Hoje em dia, para qualquer coisa na vida, é preciso algum método. Quer dormir melhor? Monitore seu sono com um smartwatch, leia o artigo com cinco técnicas infalíveis para pegar no sono, tenha o mínimo de horas que um coach qualquer definiu considerando apenas a realidade conhecida.
E que tal um hobby? Mas aí você precisa fazer uma imersão no TikTok para entender tudo sobre aquilo, comprar equipamentos e materiais específicos que profissionais indicaram, e se você não dedicar um tanto de horas a isso, é melhor nem começar.
Absolutamente todas as áreas da nossa vida foram engolidas pela lógica da performance e da otimização. Dirigir enquanto ouve um podcast sobre desenvolvimento pessoal, lavar a louça enquanto assiste a um vídeo sobre os melhores prompts para testar com IA. Parece que perdemos a capacidade de nos concentrar em apenas uma coisa, ou simplesmente de não estar fazendo nada.
Qual foi a última vez que você divagou olhando pela janela? Quanto tempo fazendo nada você é capaz de aguentar sem começar a pensar na lista infinita de coisas que precisa ou quer fazer? Adam Phillips já disse que vivemos sob a tirania do superego: aquela voz que nunca se dá por satisfeita e está sempre cobrando um pouco mais. É ela quem lembra que você podia ter entregue um trabalho mais completo, alcançado um pace melhor na corrida de domingo, conversado mais com o amigo de infância que visitou a cidade nesta semana. Que podia ter lavado a roupa em vez de se perder no feed do Instagram, ou passeado com o cachorro enquanto jogava alguma coisa online.
Vou te contar uma coisa: a lista nunca acaba, e nós fomos convencidos a acreditar que só não termina porque não nos esforçamos o suficiente. Como diriam nossos mestres maiores: é preciso estar atento e forte. Não dá para cair nessa cilada.

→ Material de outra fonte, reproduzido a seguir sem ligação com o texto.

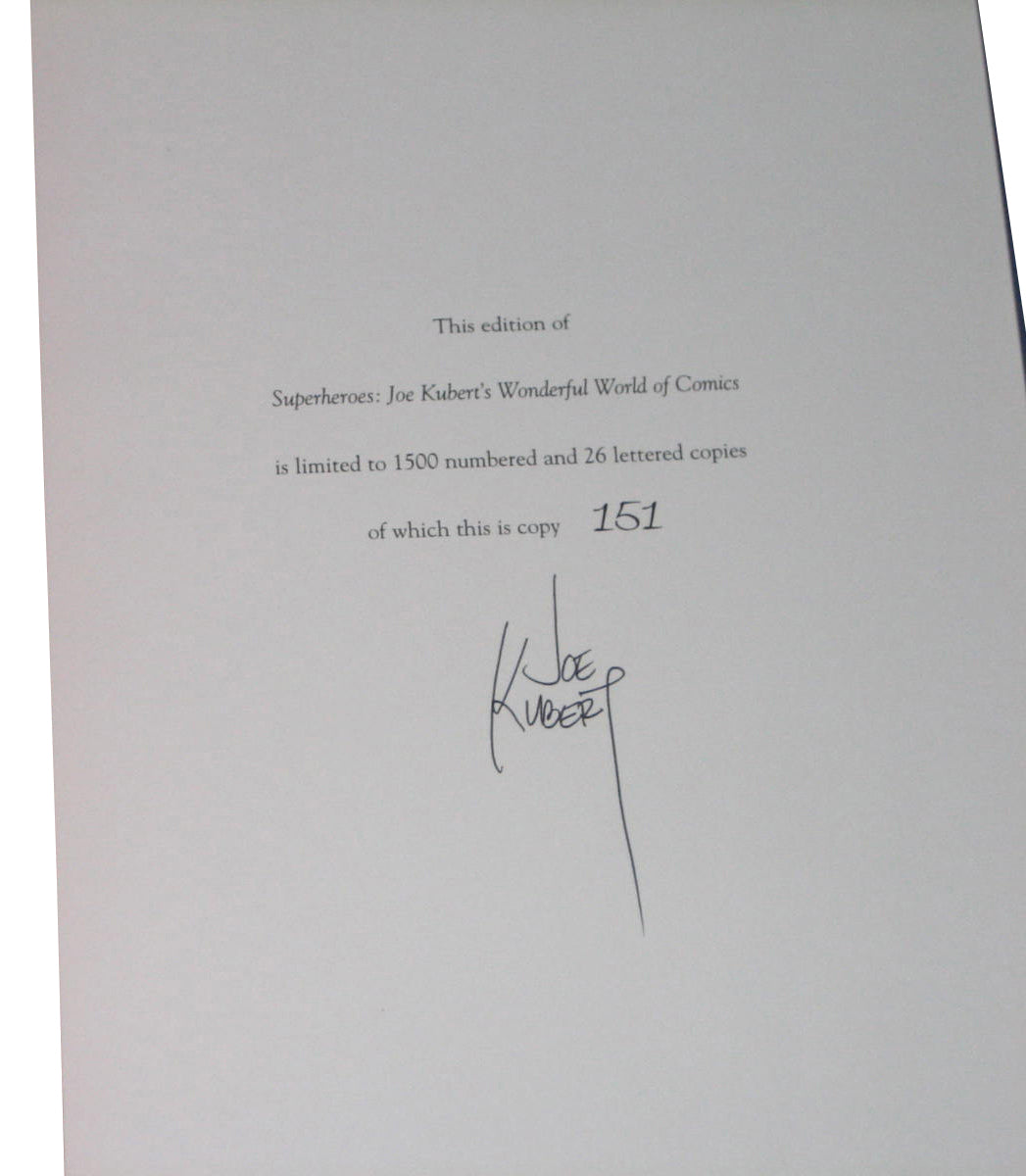 Superheroes Joe Kubert's Wonderful World of Comics (1999) Hardcover Book - (Signed)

Fomos ensinados a desconfiar do que é leve. A achar que só tem valor o que dói, o que custa ou o que rende. Dia desses Adelaide Ivánova levantou a bola, eis o que ela disse: “Em momento de crise, costumamos perguntar para que serve a poesia ou o amor?, mas quase nunca perguntamos para que serve o aluguel? ou o trabalho?
Em que momento passamos a colocar em xeque as coisas que nos humanizam e nos conectam, enquanto aceitamos sem questionar as que nos moem?
O que nos falta é desobediência. Voltar a fazer coisas que servem apenas para existir. Ter um hobby e ser ruim nele, ler um livro que não vai alavancar sua carreira, encontrar amigos para ficar de bobeira. Deixar a performance com as IAs e nos concentrar em ser o que robô nenhum será: uma confusão desordenada de células e oxitocina.